──────── Data to process ────────

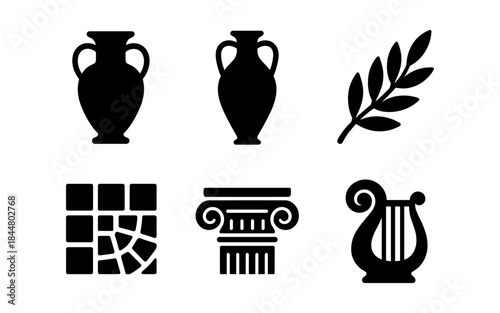 Ancient Greek Symbols and Icons in Black and White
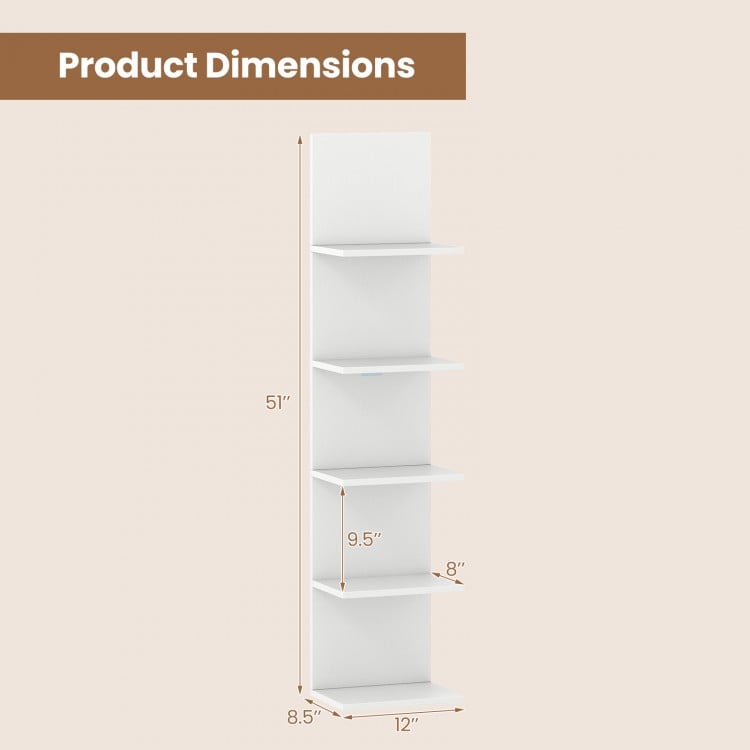 5-Tier Wall Mounted Shelf Unit with Wood Grain-White
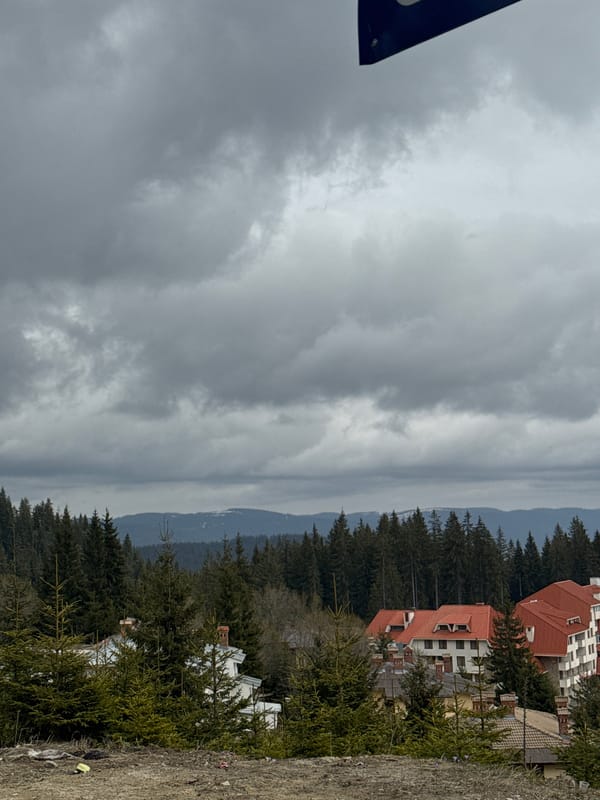 Overcast skies observed over Smolyan mountain landscape, Bulgaria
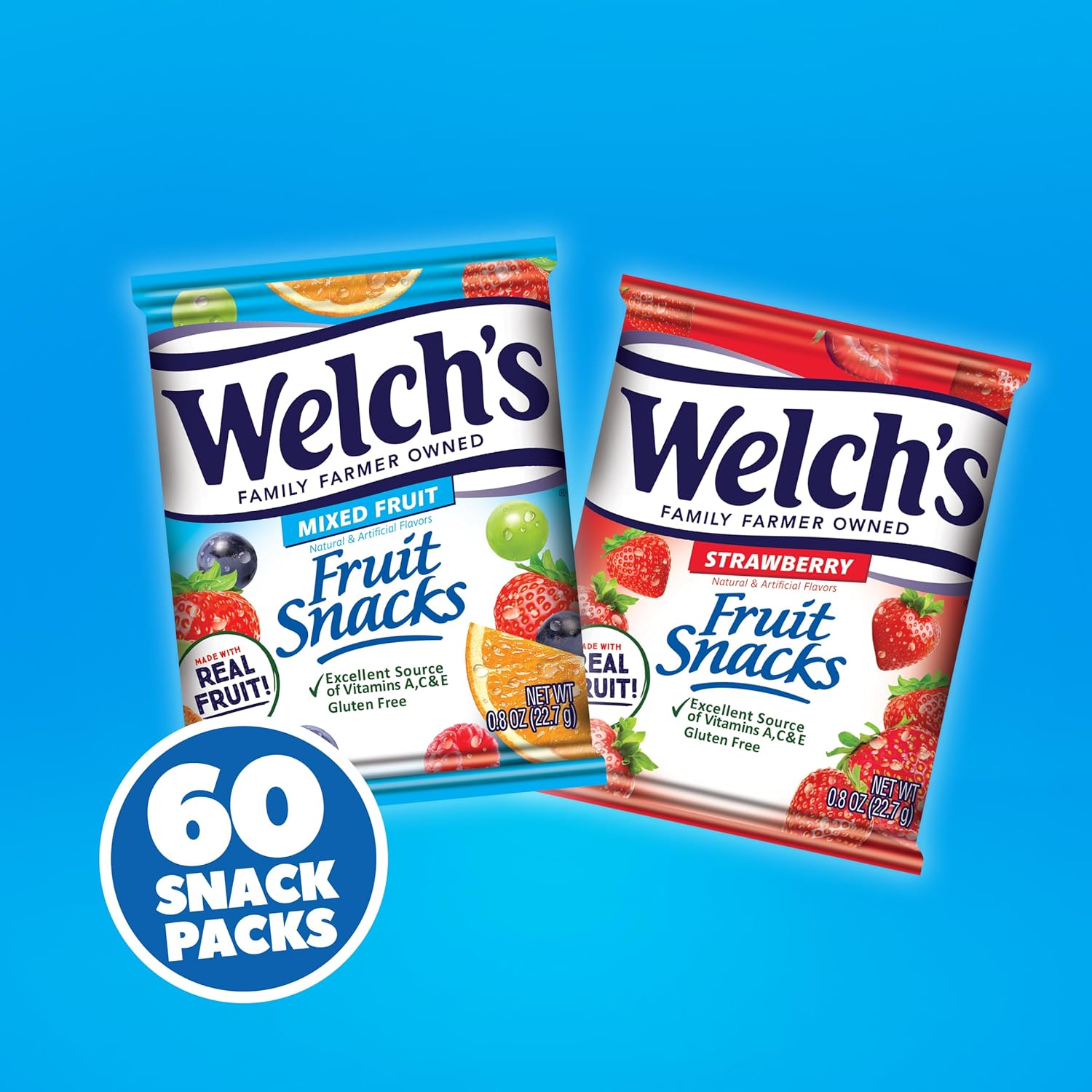 Welch's Fruit Snacks, Mixed Fruit & Strawberry Snack Box, Stocking Stuffers, 0.8oz Snack Packs (Pack of 60)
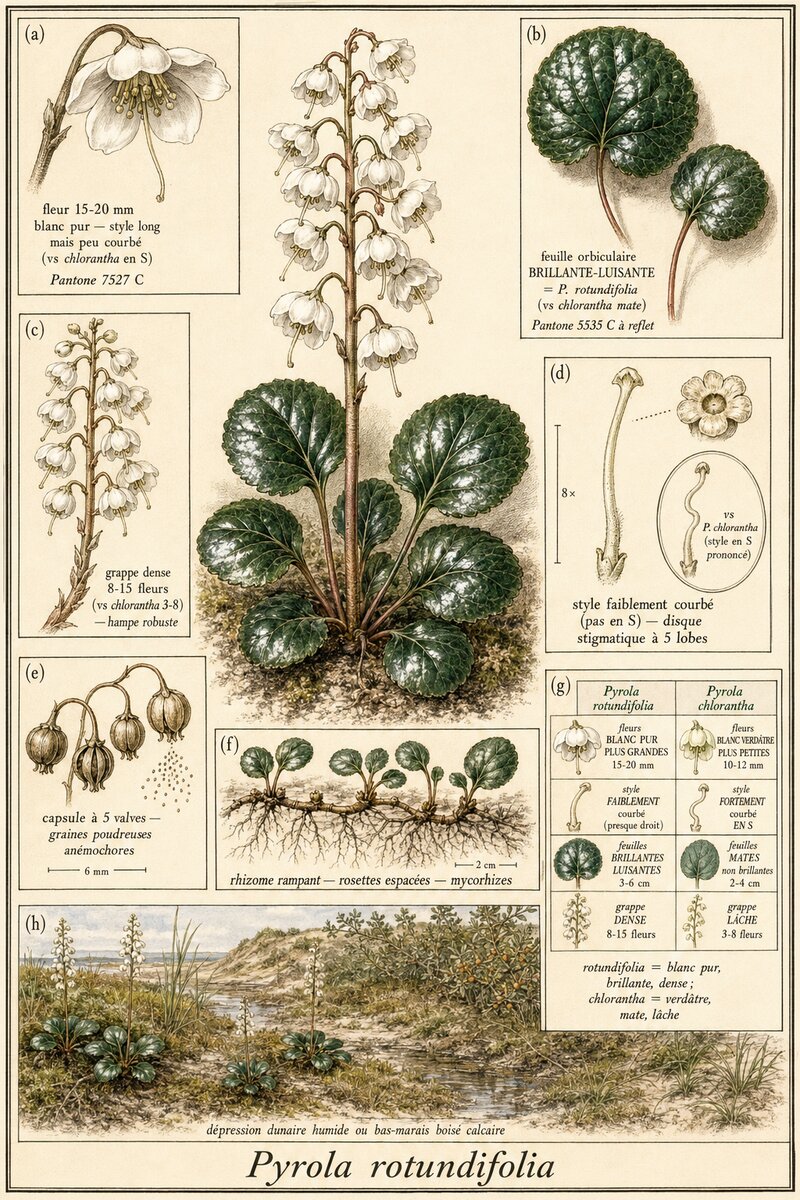 Planche botanique Pyrole à feuilles rondes
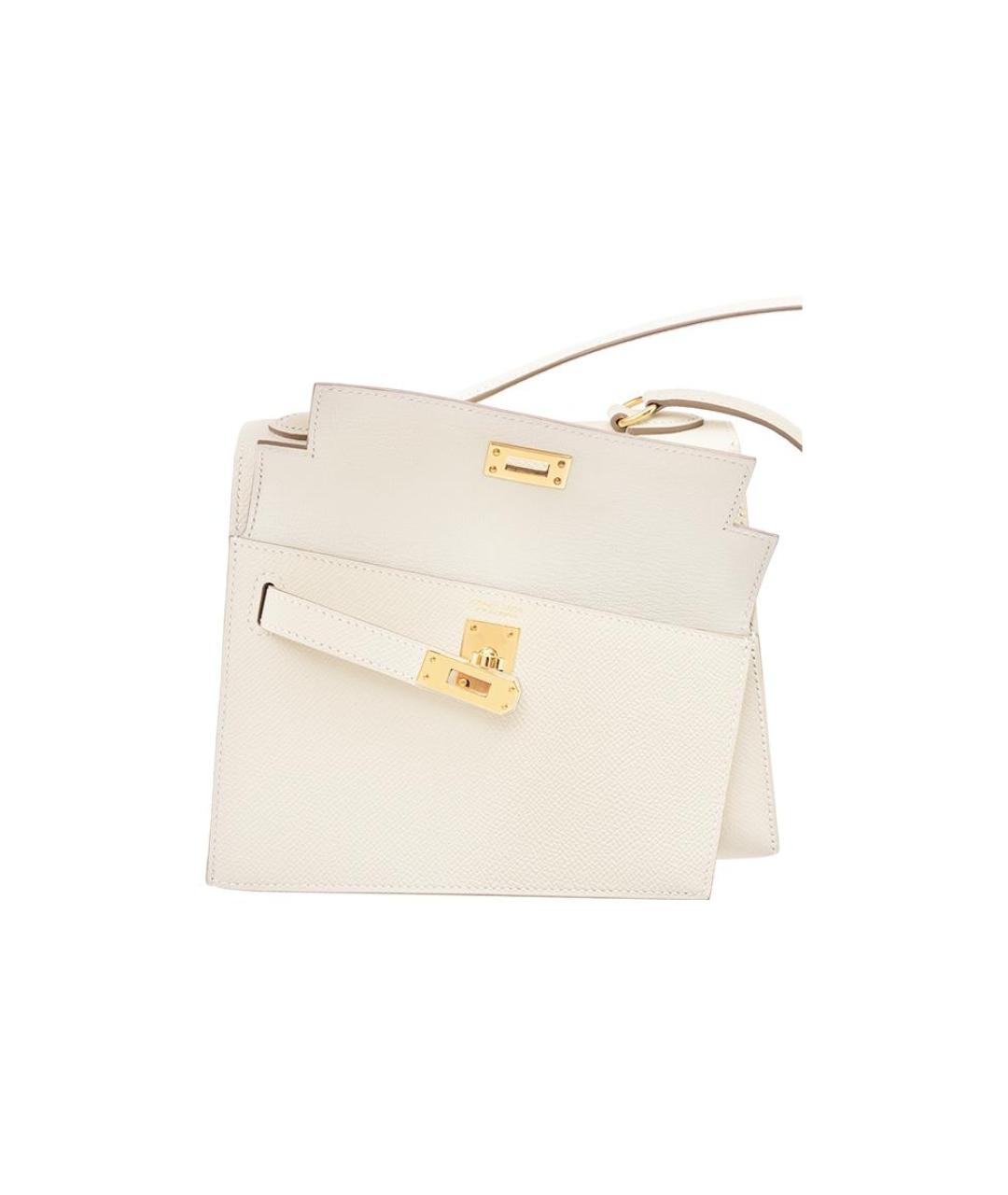 HERMES Белая кожаная сумка через плечо, фото 3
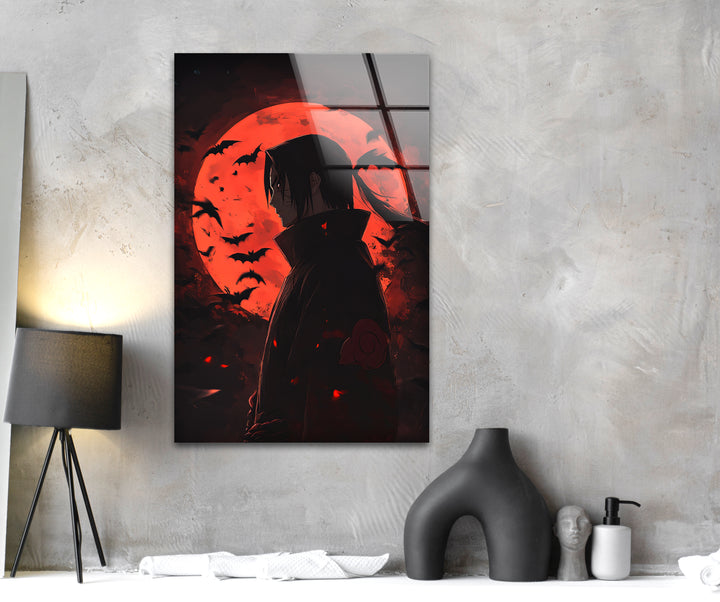 Itachi Akatsuki & Red Moon Glass Wall Art print on glass, glass printed photos
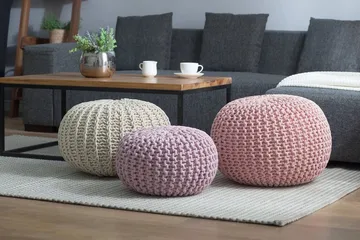 CONRAD II Puff 50 cm - Beige - Møbler - Stoler - Krakk - Puff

────────

Task objective: Exact copy, pictures excluded: restate every record above word for word.

Solution for this task:
 Ancient Greek Symbols and Icons in Black and White
 5-Tier Wall Mounted Shelf Unit with Wood Grain-White
 Overcast skies observed over Smolyan mountain landscape, Bulgaria
 Welch's Fruit Snacks, Mixed Fruit & Strawberry Snack Box, Stocking Stuffers, 0.8oz Snack Packs (Pack of 60)
 Planche botanique Pyrole à feuilles rondes
 HERMES Белая кожаная сумка через плечо, фото 3
 Itachi Akatsuki & Red Moon Glass Wall Art print on glass, glass printed photos
 CONRAD II Puff 50 cm - Beige - Møbler - Stoler - Krakk - Puff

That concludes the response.